Pallant v. Sinatra, 7 F.R.D. 293, 300 (S.D.N.Y. 1945); see also Harlee v. Hagen, 538 F. Supp. 389, 393 (E.D.N.Y. 1982). The Mutis seek to hold CPUC and Chuuk jointly liable for the use of their land. The Mutis thus had the right to file and serve their May 31, 2021 amended complaint without seeking leave of court.
2. Amended Complaint's Alleged Futility
CPUC further contends that the amended complaint should be stricken because the amended complaint does not cure the original complaint's defects and therefore the attempted amendment is futile.
When a plaintiff moves to amend a complaint, "[a]lthough a court should exercise its discretion liberally to allow amended pleadings, a motion to amend a complaint may be denied if it is futile." Tom v. Pohnpei Utilities Corp., 9 FSM R. 82, 87 (App. 1999). But "[w]hen the plaintiff has the right to file an amended complaint as a matter of course, however, the plain language of Rule 15(a) shows that the court lacks the discretion to reject the amended complaint based on its alleged futility." Williams, 477 F.3d at 1292 n.6 (emphasis in original).

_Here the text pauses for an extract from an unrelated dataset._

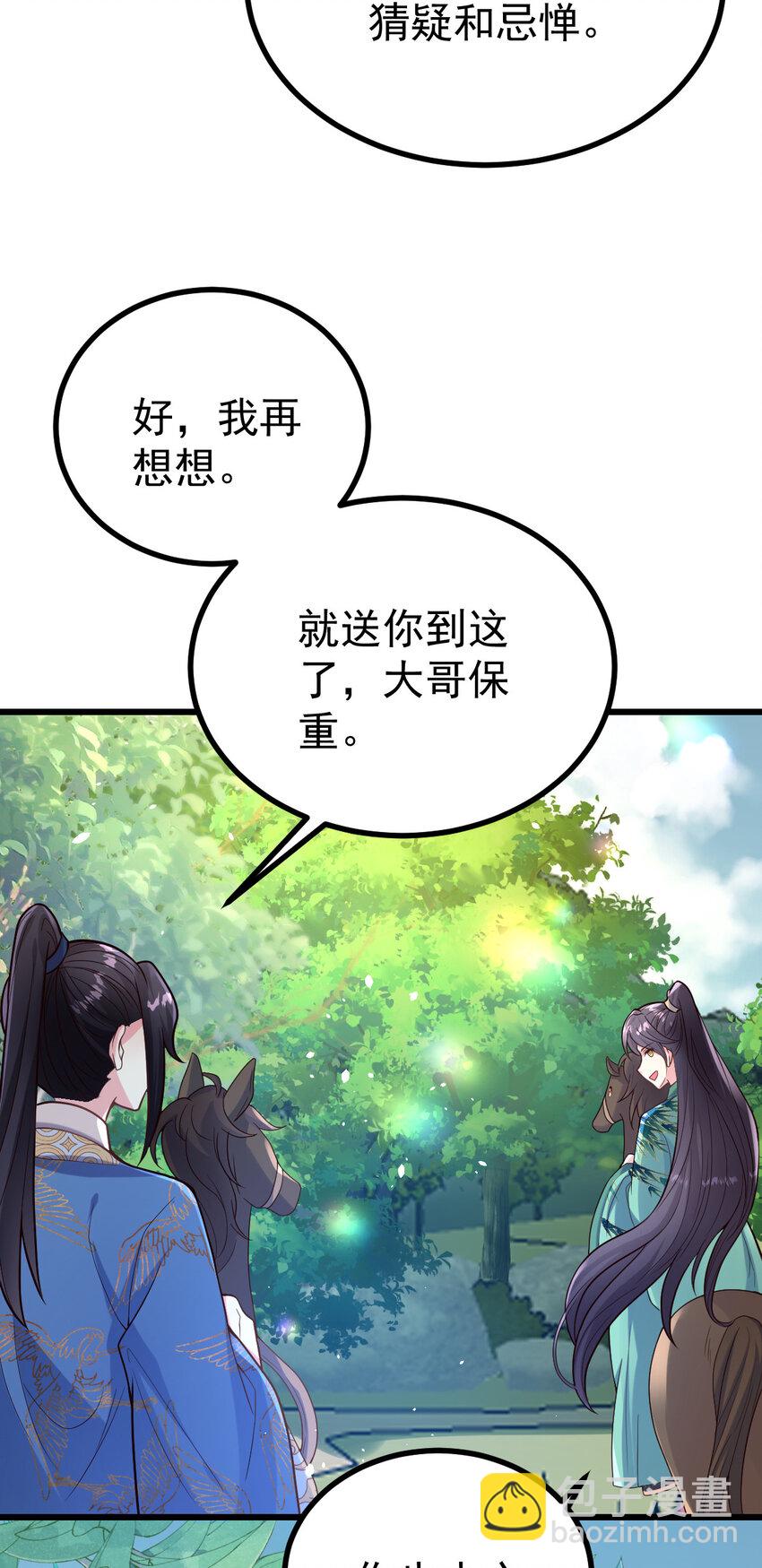 46 分别(1/2)-第48话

The court must therefore deny the motion(s) to strike the Mutis' amended complaint. The Mutis filed their amended complaint as a matter of right and the court therefore lacks the discretion to reject it based on its alleged futility. Thus, the court cannot rule now on the merits of CPUC's arguments in its motion to strike, its reply, and its rejoinder, regardless of how meritorious they might be.
B. Other Motions
The Mutis' May 31, 2021 Amended Complaint is thus the operative pleading. It supersedes the original complaint. Its filing made CPUC's motion to dismiss the original complaint obsolete. "As the amended complaint supersedes the original complaint no motion of any kind can now be addressed to the original complaint as it performs no function in the action . . . ." United States v. Shofner Iron & Steel Works, 71 F. Supp. 161, 162 (D. Or. 1947), rev'd on other grounds, 168 F.2d 286 (9th Cir. 1948). The court will thus make no ruling on the merits of the motion to dismiss the original complaint.
Since the Mutis' May 31, 2021 Amended Complaint is the operative pleading, the Mutis' motion to strike Chuuk's answer to the original complaint and to file their amended complaint are now both nullities.
C. Scheduling Order
Since the Mutis' May 31, 2021 Amended Complaint is now the operative pleading, the court hereby gives the defendants, CPUC and Chuuk, until September 2, 2021, to answer or otherwise defend against the Mutis' amended complaint.
CPUC's motion to strike the plaintiffs' amended complaint is denied, and the defendants are given to September 2, 2021, to answer or otherwise defend against the amended complaint.
_______________________________Footnotes:
1 Although the court must first look to FSM sources of law, FSM Const. art. XI, § 11, when an FSM court has not previously construed an FSM civil procedure rule which is identical or similar to a U.S. counterpart, it may look to U.S. sources for guidance in interpreting the rule. In re Sanction of Sigrah, 19 FSM R. 305, 311 n.1 (App. 2014); George v. Albert, 17 FSM R. 25, 31 n.1 (App. 2010); Berman v. College of Micronesia-FSM, 15 FSM R. 582, 589 n.1 (App. 2008).